Theoretical Insights

The paper provides rigorous theoretical guarantees affirming the reliability of Weighted BC. The clean-risk approximation emphasizes finite-sample bounds independent of contamination severity, given appropriate clipping thresholds. The excess clean-risk guarantee further separates the effects of sample error, discriminator accuracy, and weighting bias, confirming robustness across various contamination scenarios.

Figure 2: Relative performance improvement of Weighted BC over baseline methods at each contamination level. Consistently superior results highlight its robustness to contamination types.

Empirical Evaluation

Baseline Comparisons

Weighted BC is benchmarked against traditional BC, BCQ, and BRAC using common datasets with varying contamination levels. Results demonstrate its superior robustness, particularly in high-contamination regimes. Comparisons focus on retention and consistency of performance across multiple environments, affirming the effectiveness of its discriminator-weighted approach.

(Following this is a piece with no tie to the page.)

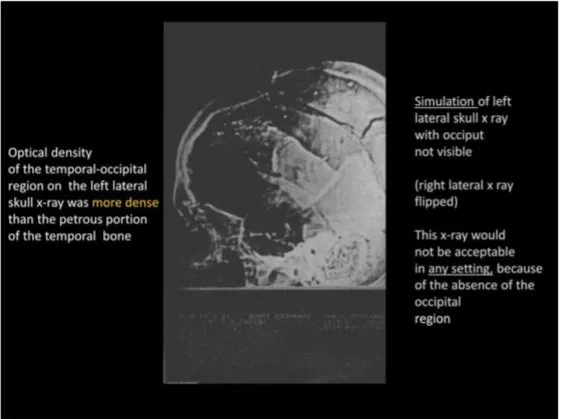 A Review of the JFK Cranial x-Rays and Photographs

Figure 3: Performance retention normalized to clean baseline across poisoning types. Weighted BC maintains over 80% retention at 60% contamination.

Computational Efficiency

Analysis indicates Weighted BC incurs minimal overhead compared to standard BC, with only slight increases in training time and memory usage. This efficiency, coupled with its robustness, presents Weighted BC as a feasible solution for real-world applications requiring reliable policy learning from corrupted datasets.

Conclusion

"Density-Ratio Weighted Behavioral Cloning" proposes a formidable enhancement to offline RL methodologies, emphasizing robust policy learning amidst dataset contamination. With strong theoretical foundations and empirical validations, it emerges as a pragmatic solution for dynamic environments manipulated by adversarial attacks or subjected to systemic errors, maintaining high performance and reliability. This contribution lays the groundwork for future research directed at refining robustness techniques in offline learning scenarios.